_EXERCISE_
As the answer, give exactly the lines of the records below from the one with "A bedroom featuring" through the one with "Diskhoparti i polerad", ends included and pictures left out.

_SUPPLIED ENTRIES_
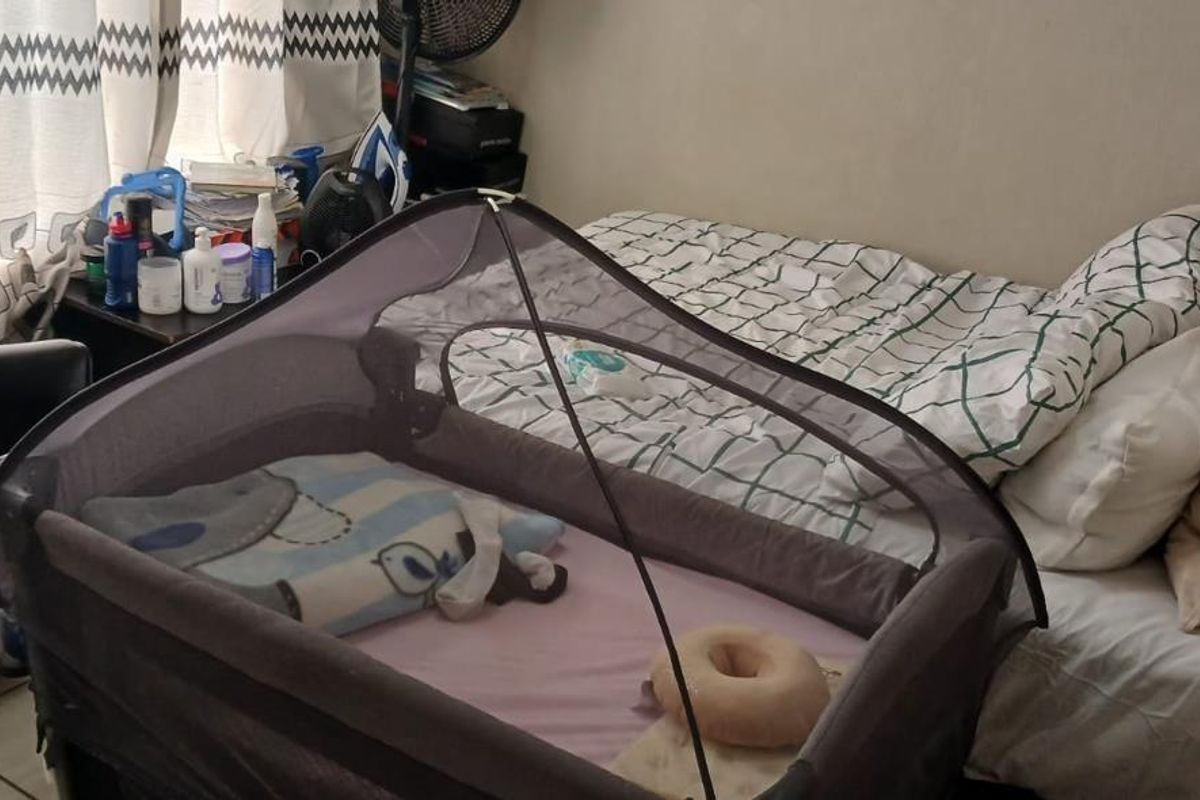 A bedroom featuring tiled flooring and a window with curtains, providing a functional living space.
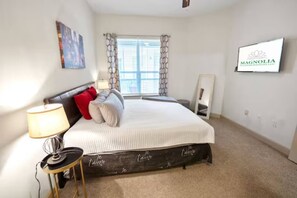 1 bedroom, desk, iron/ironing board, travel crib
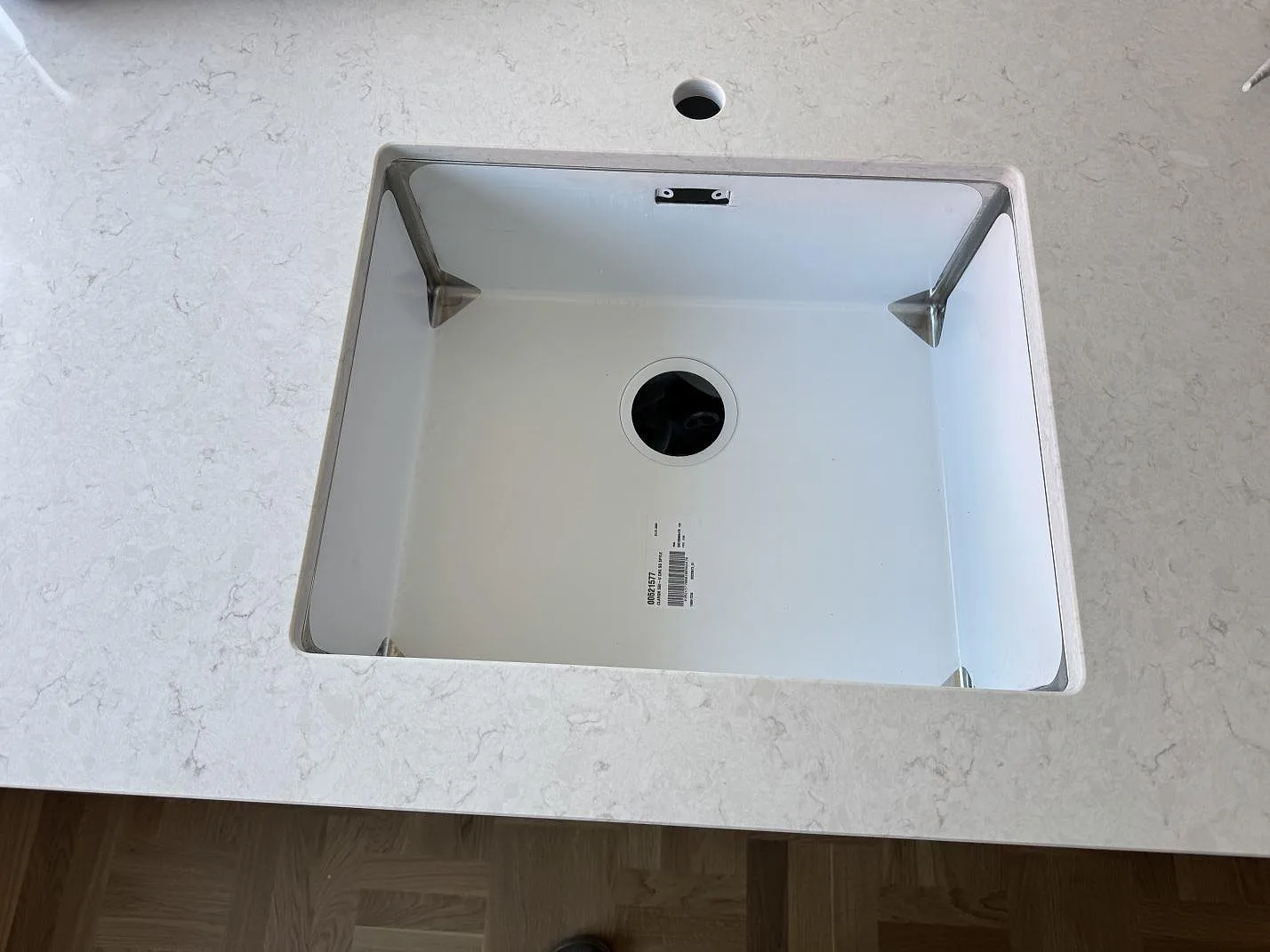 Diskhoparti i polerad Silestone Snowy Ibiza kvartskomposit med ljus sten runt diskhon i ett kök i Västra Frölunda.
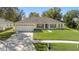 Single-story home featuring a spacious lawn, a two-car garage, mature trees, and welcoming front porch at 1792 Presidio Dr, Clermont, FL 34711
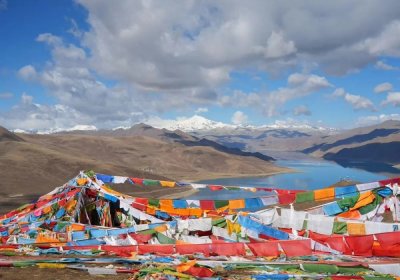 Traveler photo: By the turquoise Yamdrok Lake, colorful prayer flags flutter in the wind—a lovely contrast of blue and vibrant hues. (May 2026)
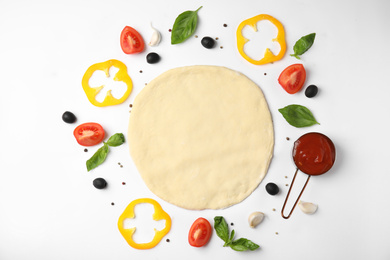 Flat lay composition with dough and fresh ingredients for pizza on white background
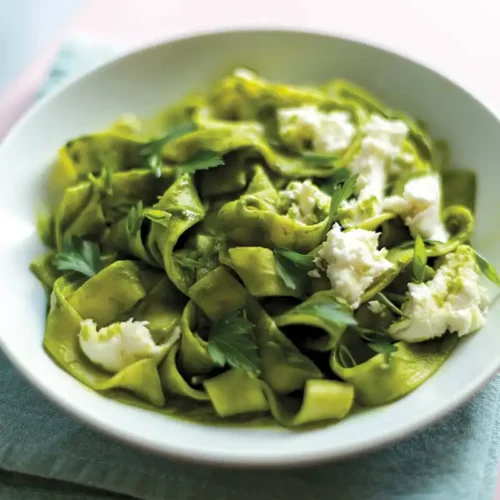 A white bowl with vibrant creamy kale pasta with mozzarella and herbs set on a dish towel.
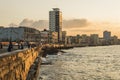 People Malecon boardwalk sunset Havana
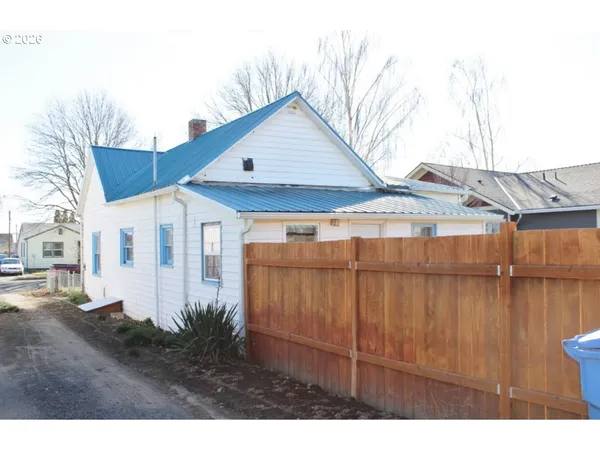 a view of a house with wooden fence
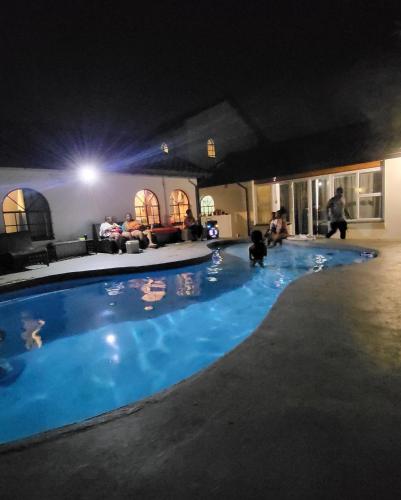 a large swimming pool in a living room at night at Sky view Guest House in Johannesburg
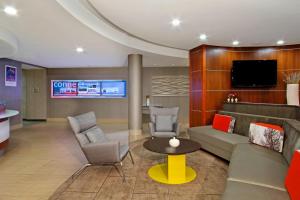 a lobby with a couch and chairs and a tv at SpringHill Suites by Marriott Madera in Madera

* * *

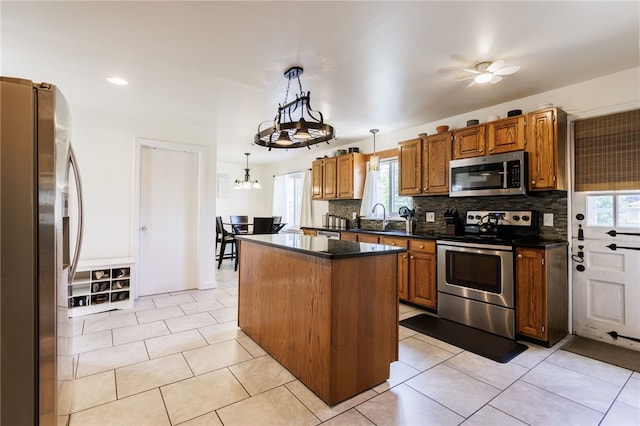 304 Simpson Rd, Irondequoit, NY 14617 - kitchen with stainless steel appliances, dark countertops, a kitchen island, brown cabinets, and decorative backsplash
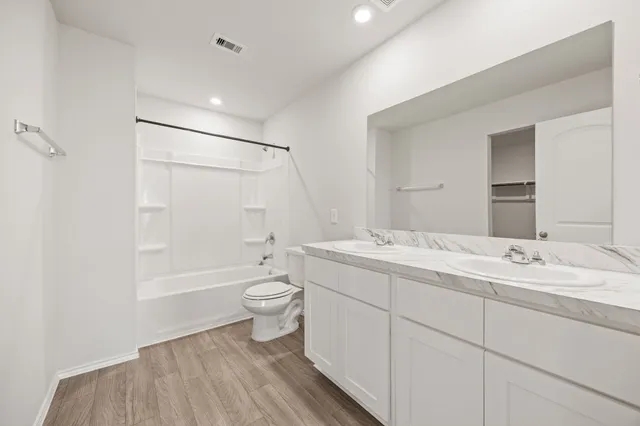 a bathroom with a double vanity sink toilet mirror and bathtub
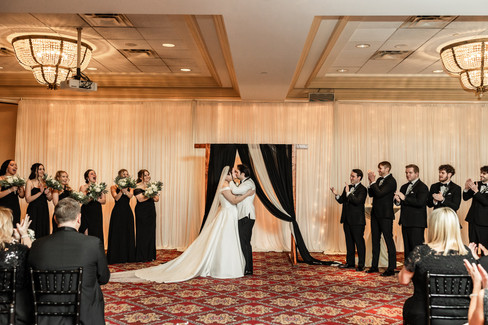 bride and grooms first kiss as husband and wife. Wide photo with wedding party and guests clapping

_ANSWER_
 A bedroom featuring tiled flooring and a window with curtains, providing a functional living space.
 1 bedroom, desk, iron/ironing board, travel crib
 Diskhoparti i polerad Silestone Snowy Ibiza kvartskomposit med ljus sten runt diskhon i ett kök i Västra Frölunda.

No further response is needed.